Data Konsorsium Pembaruan Agraria (KPA) menunjukkan, dari 16 juta hektar lahan perkebunan sawit di Indonesia, hanya 2.281 perusahaan yang menguasainya. Ironisnya, 53,5 persen berada di Sumatra dan 41,9 persen di Kalimantan—dua wilayah yang seharusnya menjadi episentrum kesejahteraan petani, bukan sarang korporasi. Sebanyak 54,08 persen lahan dikuasai perusahaan swasta, 42,29 persen oleh rakyat, dan hanya 3,63 persen yang masih dimiliki BUMN melalui PTPN.


Angka-angka ini menggambarkan ketimpangan akut. Negara seakan tak berdaya di hadapan kekuatan modal. Petani kecil, yang seharusnya menjadi subjek utama pembangunan agraria, justru terpinggirkan oleh kebijakan yang cenderung pro-korporasi. Padahal Pasal 33 ayat (3) UUD 1945 dengan tegas menyatakan bahwa bumi, air, dan kekayaan alam dikuasai oleh negara dan dipergunakan untuk sebesar-besarnya kemakmuran rakyat.


Masalah kedua yang tak kalah serius adalah penelantaran tanah. Berdasarkan laporan pemerintah tahun 2023, terdapat 7,24 juta hektar tanah berstatus Hak Guna Usaha (HGU) yang terlantar. Fenomena ini merupakan bentuk pengkhianatan terhadap amanat Undang-Undang Pokok Agraria (UUPA) Nomor 5 Tahun 1960, yang menegaskan bahwa hak atas tanah diberikan untuk diusahakan dan dimanfaatkan sebesar-besarnya bagi kesejahteraan rakyat.


Pasal 27 UUPA menyebutkan bahwa hak atas tanah hapus apabila tanahnya ditelantarkan. Pemerintah sebenarnya telah menegaskan mekanisme penertiban tanah telantar melalui Peraturan Pemerintah Nomor 20 Tahun 2021 tentang Penertiban Kawasan dan Tanah Telantar. Namun dalam praktiknya, kebijakan ini seakan hanya menjadi dokumen administratif tanpa daya paksa di lapangan.

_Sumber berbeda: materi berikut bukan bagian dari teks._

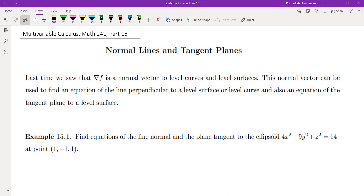Hello, this is the 15th video on my multivariable calculus class. In this video, we're going to talk about normal lines and tangent planes, and then we're going to talk about the tangent plane approximation.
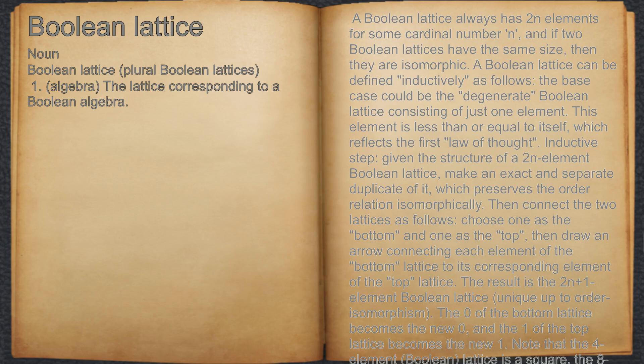The base case could be the degenerate Boolean lattice consisting of just one element. This element is less than or equal to itself, which reflects the first law of thought.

Ketertutupan informasi Hak Guna Usaha (HGU) bukanlah sekadar persoalan administratif, melainkan cermin dari konspirasi kekuasaan antara birokrasi dan modal. Ketika Mahkamah Agung dan Komisi Informasi Pusat telah menetapkan bahwa data HGU adalah informasi publik, tetapi pemerintah justru menutupinya melalui Surat Edaran Kemenko Perekonomian, maka yang tampak bukanlah kelalaian, melainkan kesengajaan. Dalam logika good governance, keterbukaan adalah fondasi keadilan; menutupinya sama saja dengan menegasikan hak rakyat untuk tahu, serta mengaburkan jejak monopoli tanah dan praktik korupsi agraria yang menggurita.

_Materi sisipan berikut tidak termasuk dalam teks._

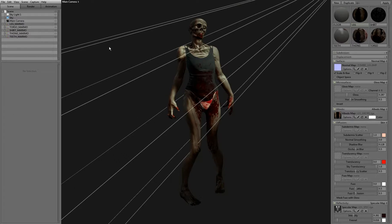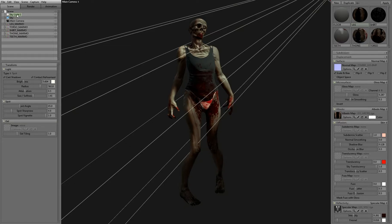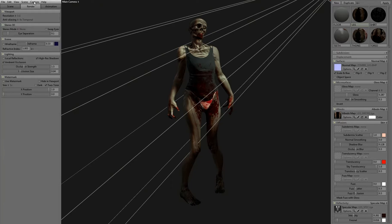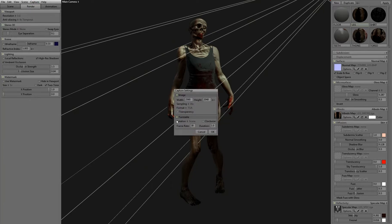This is how you render a turntable of just the object with the lights locked in. Take whatever lights you create, select them, and drag them into the sky. Go to Capture Settings, and when you go to Rotation make sure it's set to Scene Only.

Ketertutupan ini memperlihatkan adanya jaringan kepentingan yang saling menopang antara aparatus negara dan pemilik modal besar. Keduanya membangun benteng hukum semu untuk melanggengkan penguasaan lahan skala besar, sementara rakyat kecil terus dipinggirkan dari akses terhadap tanah dan informasi. Inilah bentuk pemiskinan struktural yang paling brutal: rakyat dibuat buta terhadap haknya sendiri. Di tengah jargon transparansi dan digitalisasi pemerintahan, sikap menutup data HGU hanyalah topeng untuk melindungi privilese segelintir elit yang menari di atas kemiskinan rakyat yang diciptakan oleh kebijakan mereka sendiri.

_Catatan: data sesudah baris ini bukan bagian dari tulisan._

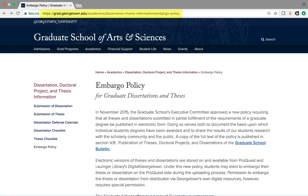For more information about embargoes, visit the Graduate School's Embargo Policy page.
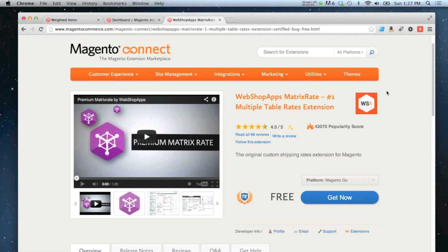In this video I'm going to show you how to set up matrix rates on your store. This is an extension provided by Webshop Apps which is free and allows you to show multiple table rates at once.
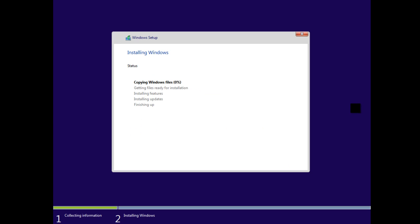One thing that didn't pop up on this disk was asking me what version I wanted to install. This disk is just a straight Windows 10 Enterprise disk, so it automatically assumed I was going to install Windows Enterprise. If you have a multi-version disk, a screen may appear asking you which version you want to install. Also, when you install Windows 10 Home and Pro, a screen will appear asking you to type in your license key.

Ketertutupan ini berimplikasi besar terhadap penegakan hukum dan keadilan sosial. Jika terdapat 16 juta hektar lahan sawit namun hanya 10 juta hektar yang memiliki HGU sah, maka 6 juta hektar sisanya berada dalam “zona abu-abu”: tak jelas status hukumnya, tak diketahui siapa pemiliknya, dan di mana letaknya. Dalam kekaburan seperti itu, tumbuh subur korupsi, tumpang tindih klaim, dan konflik horizontal.


Padahal, Undang-Undang Nomor 14 Tahun 2008 tentang Keterbukaan Informasi Publik telah mengamanatkan bahwa setiap warga negara berhak tahu. Tanah, yang menjadi sumber hidup bersama, tak seharusnya menjadi rahasia negara. Ketika pemerintah menutup akses terhadap data HGU, berarti ia turut menyembunyikan potensi pelanggaran hukum dan kejahatan agraria di balik tembok birokrasi.


Reforma agraria sesungguhnya bukan sekadar program redistribusi tanah, tetapi koreksi struktural atas ketimpangan penguasaan sumber daya. KPA menilai, reforma agraria di bawah pemerintahan-pemerintahan sebelumnya, termasuk pemerintahan Prabowo yang baru berjalan, masih lebih banyak bersifat administratif ketimbang substantif. Komitmen politik untuk melawan monopoli tanah belum tampak sebagai prioritas nyata.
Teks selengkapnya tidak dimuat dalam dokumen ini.